Die Problematik der Verjährung beim Einklagen des Pflichtteils
Der Pflichtteil wird grundsätzlich eingeklagt, wenn ein Angehöriger in dem Testament des Erblassers enterbt wurde. Jeder ist beim Errichten des Testaments nur seinem eigenen Willen unterlegen und kann jeden als Erben einsetzen und dabei auch die näheren Angehörigen, wie die Kinder oder die Ehegattin von der Erbschaft ausschließen.
Falls dies gerade der Fall sein sollte, wo Kind oder Ehepartner enterbt wurden, können sie den sogenannten Pflichtteil einklagen. Der Pflichtteil ist dann die Hälfte des gesetzlichen Erbteils. Beim Einklagen des Pflichtteils müssen aber auch Fristen beachtet werden, denn dieser Anspruch auf den Pflichtteil kann verjähren.
Was ist geschehen?
Der Erblasser hat bis zur Rente in Deutschland gearbeitet und ein Testament verfasst, in dem er seinen Sohn zum Erben eingesetzt hat. Nach Beendigung seiner Berufstätigkeit zog er nach Spanien, heiratete zum zweiten Mal und setzte 2009 seine zweite Ehefrau als Alleinerbin ein. Ab 2009 war der Erblasser auch in Behandlung und 2011 verstarb er in Spanien.
Im August 2015 erhielt der Sohn Kenntnis vom Testament zugunsten der Ehefrau und im Juni 2016 klagte er auf Erteilung eines Erbscheins, der ihn als Alleinerben des Erblassers ausweist. Der Kläger brachte hervor, dass das in Spanien errichtete Testament ungültig sei aufgrund der fortschreitenden Demenzerkrankung des Erblassers. Die Ehefrau klagte ebenfalls auf Erteilung des Erbscheins und zu ihren Gunsten wurde im Jahre 2019 keine Testierunfähigkeit festgestellt. Somit nahm der Kläger die Beschwerde zurück und beschloss seinen Pflichtteil einzuklagen.
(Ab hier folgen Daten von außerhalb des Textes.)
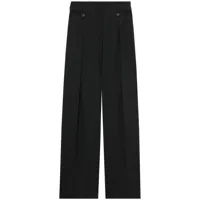 low classic pantalon de tailleur en laine à taille haute - noir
Kläger möchte Pflichtteil einklagen, Beklagte beruft sich auf Verjährung
Beim Einklagen des Pflichtteils muss man die gesetzliche Verjährungsfrist von drei Jahren nach § 195 BGB beachten. Die Frist beginnt zu laufen mit der Kenntnis des Erbfalls. Vorliegend stellte das Gericht fest, dass die Frist zum Einklagen des Pflichtteils 2015 begonnen habe, da er dort Kenntnis vom Eintritt des Erbfalls und des ihn enterbenden Testaments erlangt hat. Die Kenntnis sei nicht infolge eines Tatsachen- oder Rechtsirrtums des Klägers zu verneinen. Die Frist zum Einklagen des Pflichtteils war somit verjährt. Der Kläger hat Ende 2019 innerhalb der Stufenklage seinen Pflichtteil eingeklagt.
Kläger besteht auf seinen Pflichtteilsanspruch
Der Kläger wendete ein, dass er seinen Pflichtteil nicht eingeklagt hat, weil er bis zur abschließenden Klärung im Erbscheinsverfahren gerade nicht über sichere Kenntnis aller tatbestandlichen Voraussetzungen verfügt habe. Er sei davon ausgegangen, dass aufgrund der Demenz das zweite Testament ungültig sei. Erst 2019 wusste der Kläger, dass er seinen Pflichtteil einklagen muss und mit der Stufenklage wurde die Frist gehemmt.
Das Gericht gewährt dem Kläger seinen Pflichtteil einzuklagen
Die Berufung des Klägers war somit zulässig. Das zuständige Gericht stellte fest, dass die Voraussetzung zum Einklagen des Pflichtteilsanspruchs gegeben waren.
Obwohl der Kläger 2015 Kenntnis vom Tod und des Testaments des Erblassers hatte, wäre die dreijährige Verjährungsfrist durch die Stufenklage gehemmt worden. Sie stellte auch fest, dass die Kenntnis tatsächlich bei Tatsachen- oder Rechtsirrtümern fehlen kann, dies gelte jedenfalls dann, wenn Wirksamkeitsbedenken nicht von vornherein von der Hand zu weisen sind.
Diese Bedenken, die der Kläger hervorbrachte, waren durchaus berechtigt. Vorliegende Gutachten haben die Testierunfähigkeit nie mit Sicherheit ausgeschlossen.
Kläger kann sein Pflichtteil einklagen
Die Verjährung war somit nicht eingetreten und der Kläger hat erfolgreich sein Pflichtteil eingeklagt und die Beklagte war zur Vorleistung verpflichtet. Die Bedenken und die Stufenklage des Klägers haben den Pflichtteil und dessen Anspruch nicht verjährt.